From diving conchs to making rope from sisal fibres, from transporting dried shark hides and oil to working aboard the crawfish boat the Stamba, Vertrum was involved with – and could remember in remarkable detail – most of the industries that sustained Green Turtle Cay throughout the 20th century. And he generously shared these vivid memories with anyone who asked.
Vertrum was a captivating contradiction – entertaining, for sure, but in a quiet and dignified way. I don’t recall ever hearing him raise his voice or utter a critical word about anyone.
But that soft-spoken nature belied a stubborn streak. He (and others have) told me that as a child, if he didn’t like what his mother had cooked, he would throw the pot or pan out the window! Though it no doubt failed to amuse his parents and teachers, this stubbornness would later serve him well.
Vert’s father, Albert Lowe, had been a renowned model shipbuilder.
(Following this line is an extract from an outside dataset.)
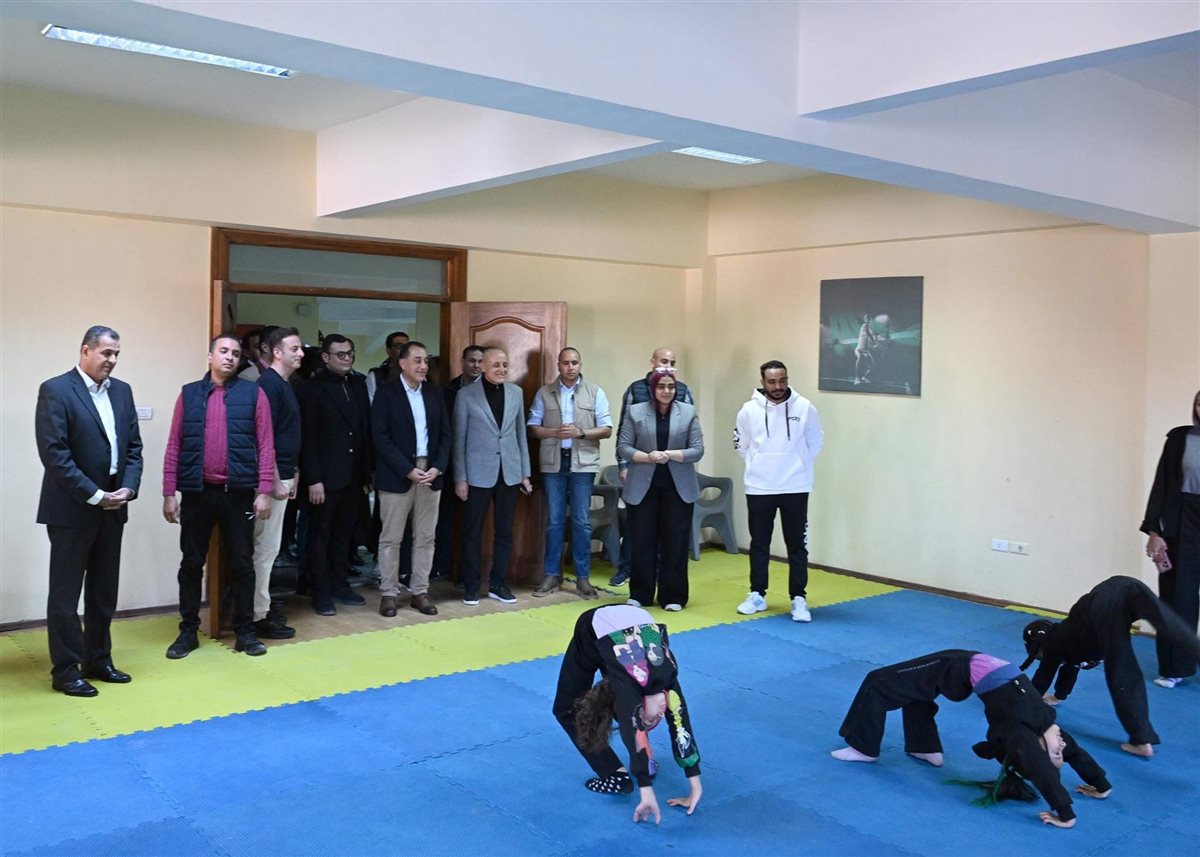 جولة رئيس الوزراء بالحمام الأولمبي&nbsp;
When he died in 1985, he left a commissioned model ship incomplete. Someone suggested to Vertrum – who had carved smaller and simpler models for his son and others – that he complete the piece.
At first, he said he had neither the patience nor the time. But then, he told me, “I heard one of the other guys remark, ‘nor the ability’. I did it just to prove him wrong.”
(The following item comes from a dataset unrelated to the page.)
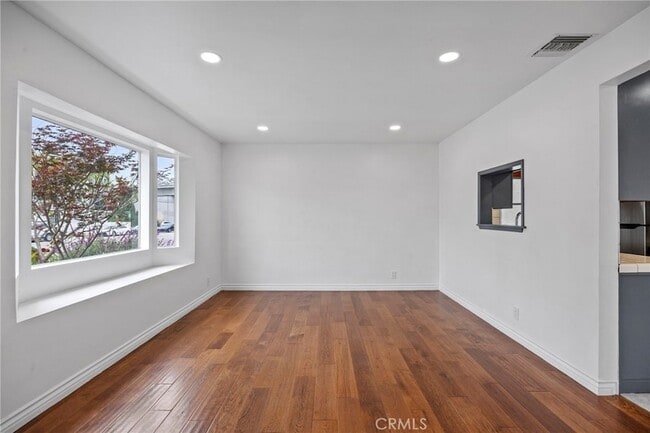 Building Photo - 5183 Inglewood Blvd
Four or five weeks later, Vertrum called his brother Alton to see the finished model. “He didn’t believe I had done it,” says Vertrum.
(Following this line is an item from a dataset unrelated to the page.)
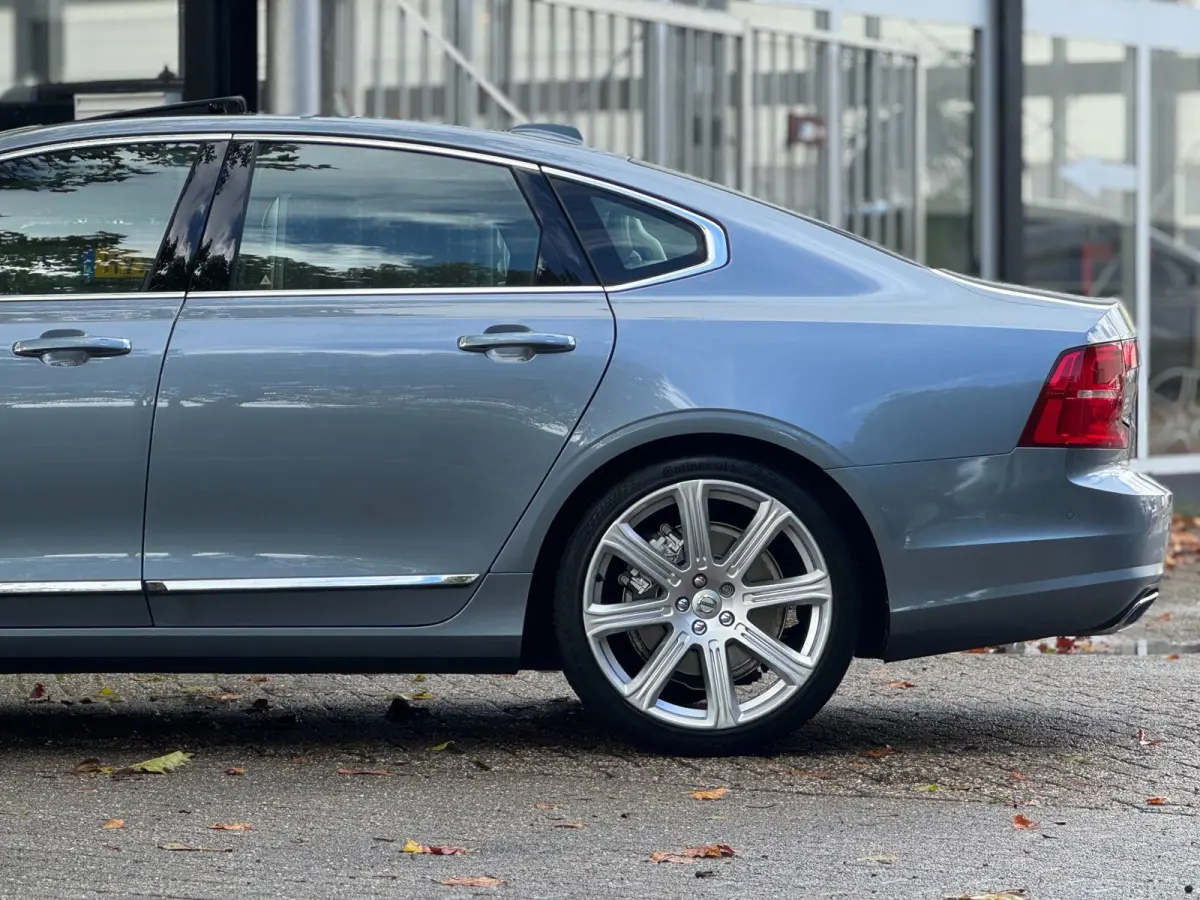 2.0 T5 Inscription Schuifdak Bower & Wilkons 1e Eig 100% Dealer onderhouden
“I was amazed at how good it was,” recalls Alton. “The man who commissioned the model was more than pleased.”
In time, Vertrum would carve more than 300 model dinghies, ships and mailboats.
His works are displayed in collections all over the world — Florida, Texas, Australia, China, even the United Nations. In 2004, his craftsmanship was recognized with a Bahamian Cacique award.
Visiting Vert in his workshop offered a glimpse into his personality.
The dozens of glass jars, hanging in tidy rows from shelves and the ceiling, spoke to the meticulous and organized nature that enabled him to accurately recreate traditional Bahamian vessels. The historic nautical memorabilia displayed in a glass case demonstrated the pride he took in his seafaring ancestors. And the shop sign, fashioned from marbles, revealed the sense of playfulness he never lost.
The first time I visited Vert in the workshop, he went into the house and brought out photos of his children, grandchildren and his late wife, Cynthia. He told me how they had met, and about their lives together and how much he had loved her.
He also told me about my own ancestors – my grandparents, Lionel and Lurey (Curry) Albury, and my great-grandparents, Herman and May (Gates) Curry. I never met Pa Herman, and by the time I came along, Ma May was in her sixties, so it was a treat to hear tales of them in their younger years.
Whenever I saw Vertrum and asked how he was doing, his blue eyes would sparkle and he’d say, “Much better for having seen you!” He always had a hug and kiss for me. (I had to smile at his funeral, as every single woman who knew him related exactly the same story.)
No doubt Vertrum’s family – his siblings, Iva, Alton and Leonard, his children, Ray, Trina and Johnny, his grandchildren, Stacey, Lisa, Raenell, Heather and Johnny Jr. and their families – will miss him, and Tom and I send our love and deepest condolences to them all.
But really, Vertrum was “Pa Vert” or “Uncle Vert” to almost everyone on this island. We’ll all miss his hugs, his kisses and his stories. We’ll miss seeing him perched on his golf cart, feeding the seagulls and watching the sunset. Or sitting in the late-afternoon shade beside the former Holy Jumper church, overseeing the regular gathering of local fellows that I jokingly call the “four o’clock men’s meeting.”
Vert was a Green Turtle treasure, and like the ripples on Settlement Creek, his loss will touch the entire Green Turtle Cay family.